One week before he started work at Temple University Hospital in April 2010, David Kwiatkowski had been fired and had tested positive for cocaine and marijuana, according to his prior employer, the Arizona Heart Hospital in Phoenix.
Yet, amid a crush of 850 replacements filling in for 1,500 striking nurses and techs at Temple, Kwiatkowski was able to pass a drug screening and get cleared for work.
How, exactly, did he pass the screening? Temple doesn’t know: Associate chief medical officer Marc Hurowitz says the staffing agency handled all that. Neither does the staffing agency, Ohio’s Advantage RN: Chief executive Matt Price tells City Paper that Temple organized the drug screening itself.
One thing seems clear, though: The hiring of Kwiatkowski, a radiology technician who had been also been fired from a hospital in Pittsburgh, was the product of a chaotic system that left room for error. Kwiatkowski, who worked at 13 hospitals in six years, has since been accused of infecting 31 people in New Hampshire with hepatitis C via syringes he contaminated in the process of stealing drugs. Testing at other hospitals has turned up more suspected infections, including at least two at a Kansas medical center where he began work mere weeks after leaving Temple.
The case highlights flaws both in the state monitoring system, which requires no registration of techs and doesn’t track disciplinary actions, and in the recruitment of strike-breaking health workers, through a $4 billion temp industry that’s triggered investigations around the country. Various health authorities have uncovered hundreds of instances of nurses working with suspended or revoked licenses, sometimes moving from state to state to sidestep sanctions. A 2010 study by the National Bureau of Economic Research found in-hospital mortality increased by 19.4 percent during nursing strikes.

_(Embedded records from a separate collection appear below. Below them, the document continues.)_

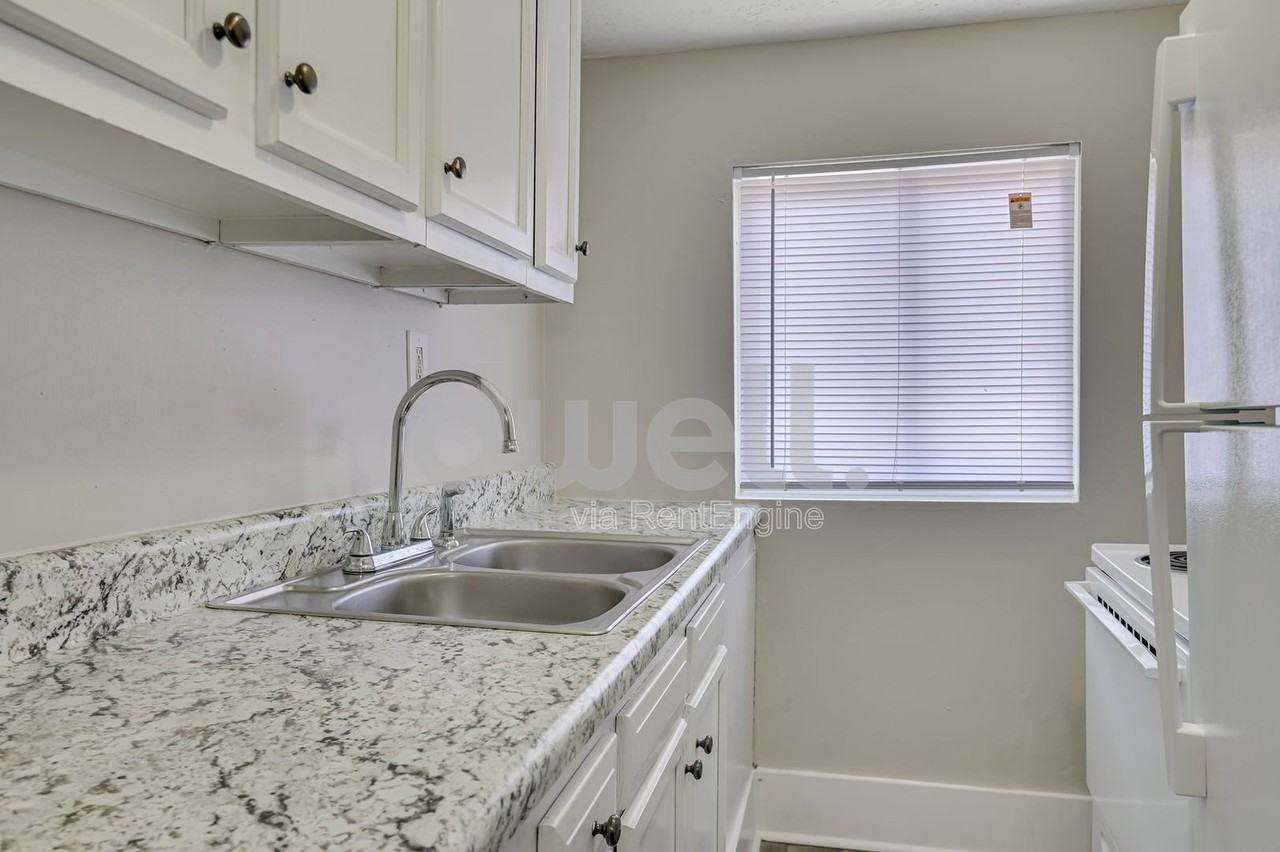 1927 Central Ave #B12 - Photo 6 of 10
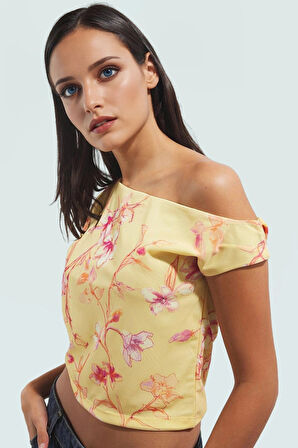 Yazlık Asimetrik Yaka Kısa Kol Örme Bluz Fitted Kalıp Polyester Kumaş Trend Tasarım Konforlu Kesim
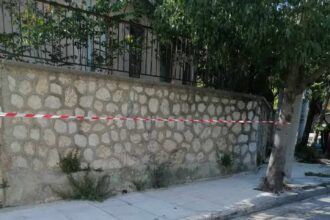 "Ο δρόμος έχει φουσκώσει από την πίεση του νερού!" 25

And at the time of the Temple strike, the union, the Pennsylvania Association of Staff Nurses & Allied Professionals (PASNAP), raised concerns over the quality and screening of the replacements (“our preferred term is ‘scab,’” says Bill Cruice, executive director of PASNAP). Temple’s chief executive at the time, Sandy Gomberg, accused the union of trying to “frighten” the public.

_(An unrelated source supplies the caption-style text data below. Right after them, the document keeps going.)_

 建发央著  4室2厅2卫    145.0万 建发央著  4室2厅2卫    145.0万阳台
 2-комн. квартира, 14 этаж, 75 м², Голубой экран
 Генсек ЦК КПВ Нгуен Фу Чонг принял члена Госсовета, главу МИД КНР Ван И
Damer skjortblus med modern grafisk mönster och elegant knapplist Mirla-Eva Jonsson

But a union nurse who went through the orientation process with a different staffing agency that provided many of the replacements says there was reason to be frightened. “It was an extremely chaotic situation,” he says of the process, which took place at the Convention Center just before the strike began. “There was a lot of confusion. And if you didn’t have your credentials with you, there was a way they could push you through.”
Though Temple’s Hurowitz says the agencies used a “nationally reputable drug-testing process,” the nurse, who asked not to be named, says the drug testing was unlike anything he’d been through at prior posts, where each worker was sent into a secure bathroom with a temperature-sensitive cup and a toilet containing a dye indicating a urine sample was given. “It wasn’t anything like that. It was just, here’s a cup, go pee and leave it on the counter.” An unmonitored, multi-stall restroom was used, he says. Those administering the tests told him they were not regular drug-screeners, but other strike replacements. “There was plenty of room to compromise a sample. Anything could have been manipulated, the way they were handling it.”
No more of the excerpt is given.